▶ [SUPPLIED DATA]:

BEGIN

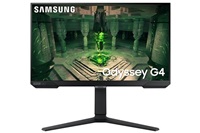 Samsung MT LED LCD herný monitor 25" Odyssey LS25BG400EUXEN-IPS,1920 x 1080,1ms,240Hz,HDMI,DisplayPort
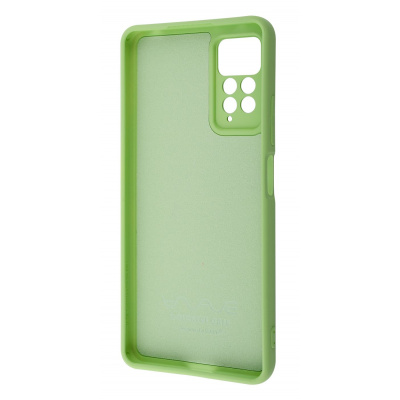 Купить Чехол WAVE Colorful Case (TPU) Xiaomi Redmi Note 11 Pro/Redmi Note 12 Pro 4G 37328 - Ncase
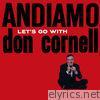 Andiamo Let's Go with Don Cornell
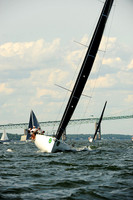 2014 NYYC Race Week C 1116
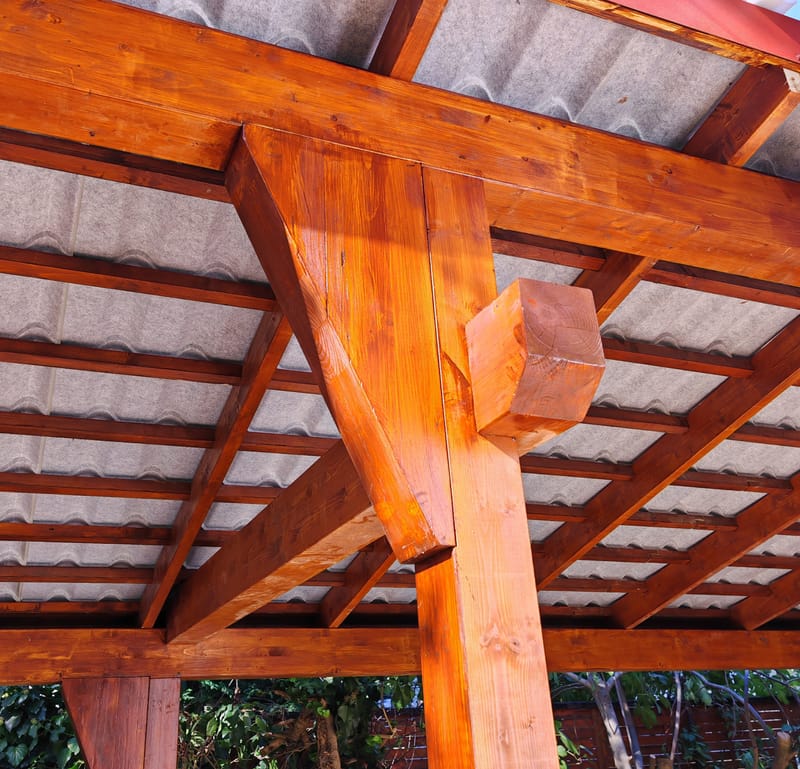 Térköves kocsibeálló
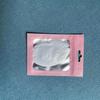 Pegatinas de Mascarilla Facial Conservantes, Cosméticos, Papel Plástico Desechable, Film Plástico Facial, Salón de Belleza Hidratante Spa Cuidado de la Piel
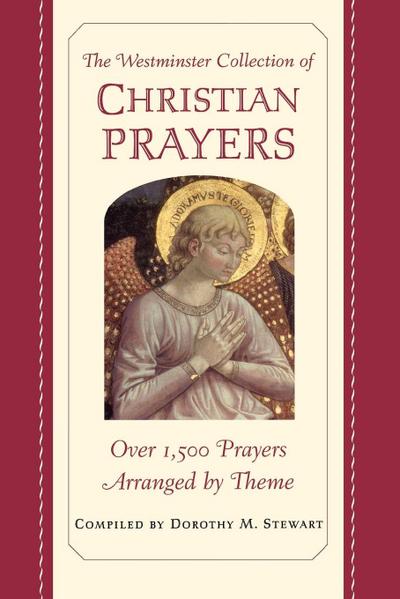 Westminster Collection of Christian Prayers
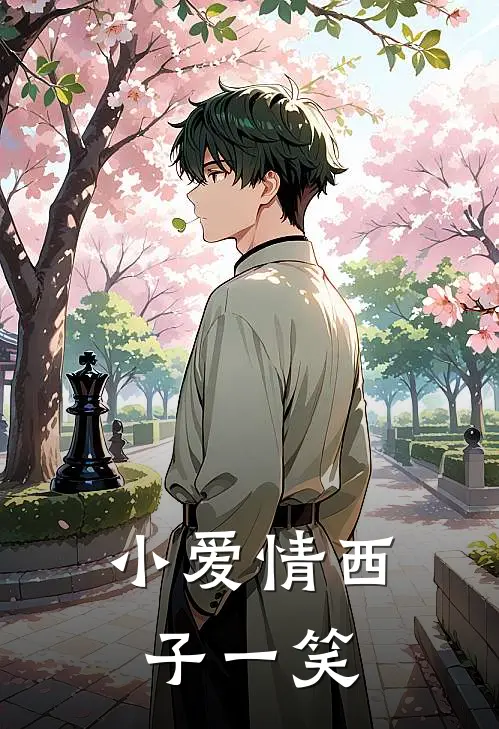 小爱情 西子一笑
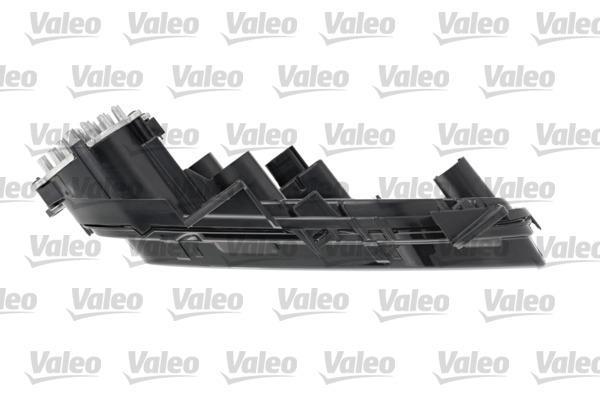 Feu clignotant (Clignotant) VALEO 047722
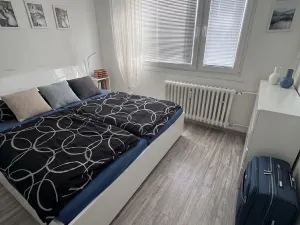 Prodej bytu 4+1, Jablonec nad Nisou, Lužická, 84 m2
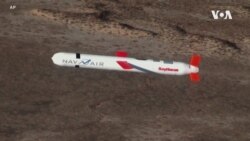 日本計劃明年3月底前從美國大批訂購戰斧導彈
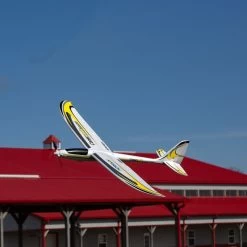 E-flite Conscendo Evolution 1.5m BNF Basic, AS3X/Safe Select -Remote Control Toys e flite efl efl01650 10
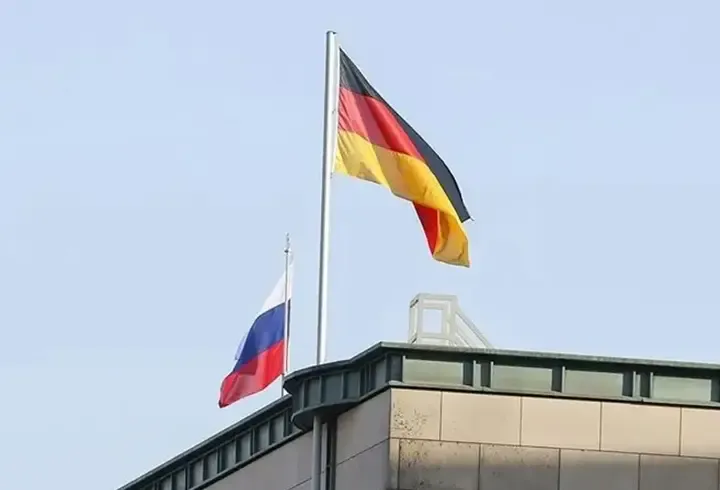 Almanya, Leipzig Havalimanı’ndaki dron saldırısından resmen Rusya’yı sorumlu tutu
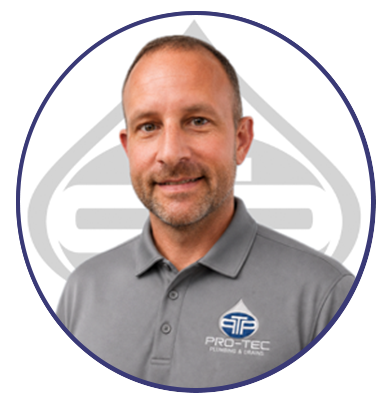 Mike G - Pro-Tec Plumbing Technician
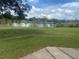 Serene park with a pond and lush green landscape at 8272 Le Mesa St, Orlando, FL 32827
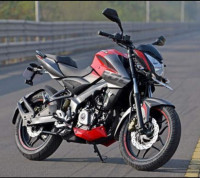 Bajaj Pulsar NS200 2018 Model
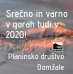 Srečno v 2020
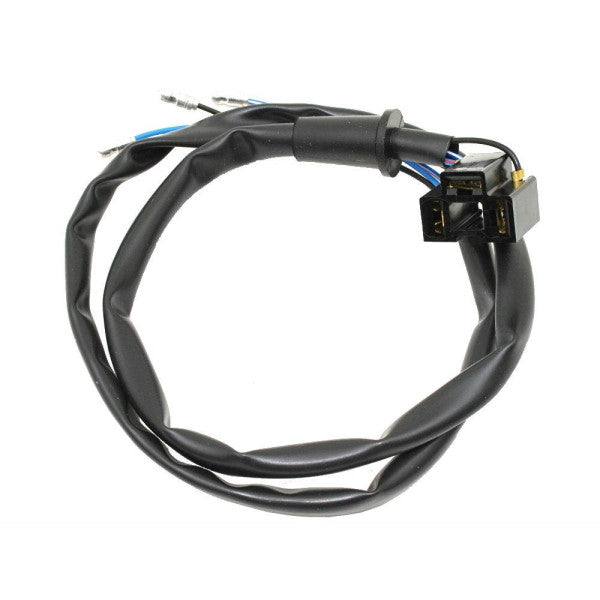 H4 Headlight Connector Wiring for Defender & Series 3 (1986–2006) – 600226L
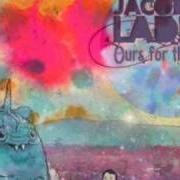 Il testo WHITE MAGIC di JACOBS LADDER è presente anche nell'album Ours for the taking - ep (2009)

END
BEGIN

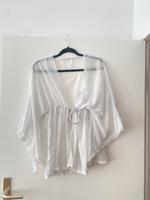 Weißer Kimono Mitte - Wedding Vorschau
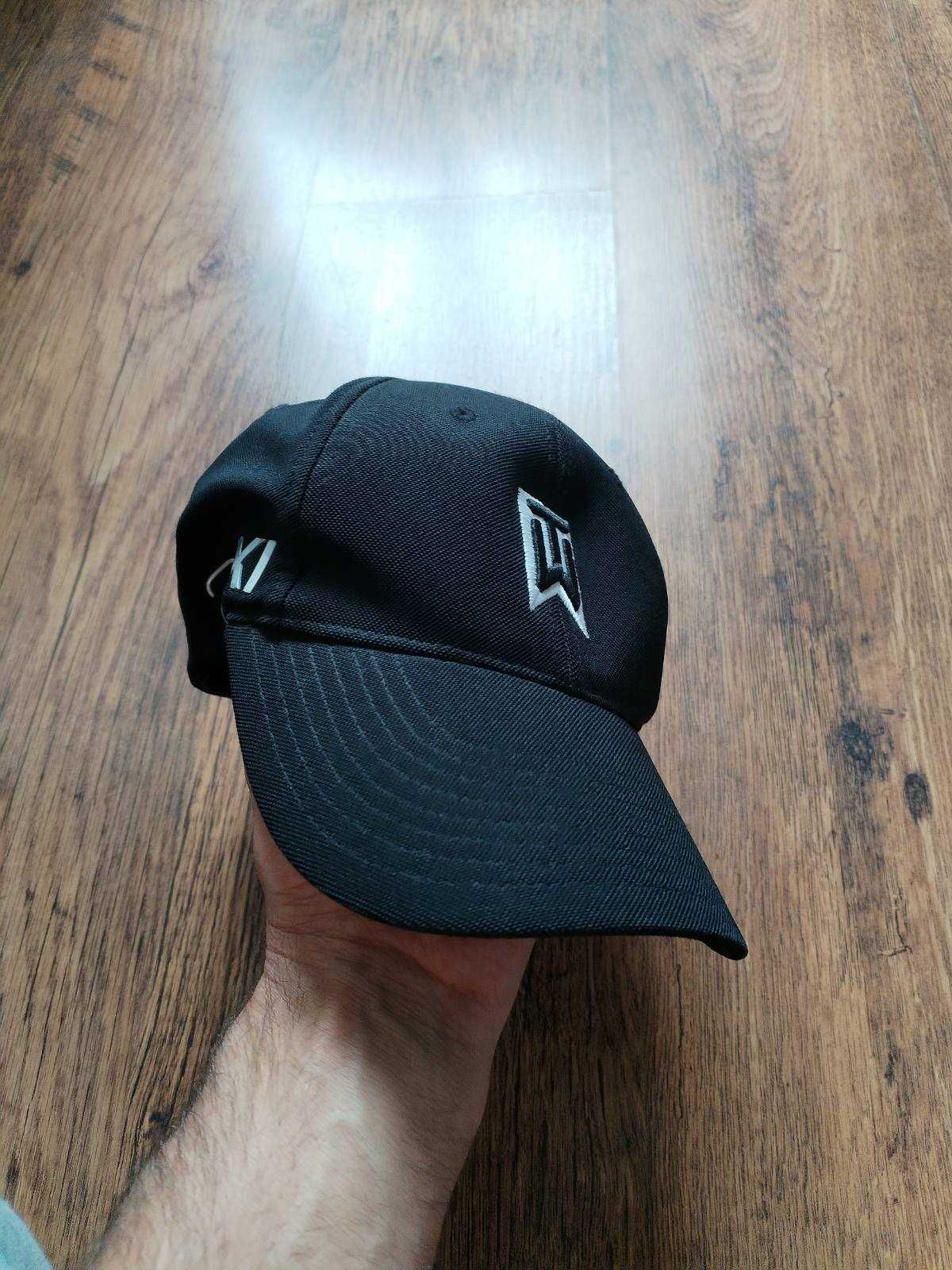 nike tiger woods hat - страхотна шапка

END

▶ [YOUR ASSIGNMENT]: Exact repeat of the material above: every line from the one with "2014 NYYC Race Week C 1116" through the one with "Westminster Collection of Christian Prayers", endpoints included, and nothing more. No pictures.

▶ [TASK RESPONSE]:
 2014 NYYC Race Week C 1116
 Térköves kocsibeálló
 Pegatinas de Mascarilla Facial Conservantes, Cosméticos, Papel Plástico Desechable, Film Plástico Facial, Salón de Belleza Hidratante Spa Cuidado de la Piel
 Westminster Collection of Christian Prayers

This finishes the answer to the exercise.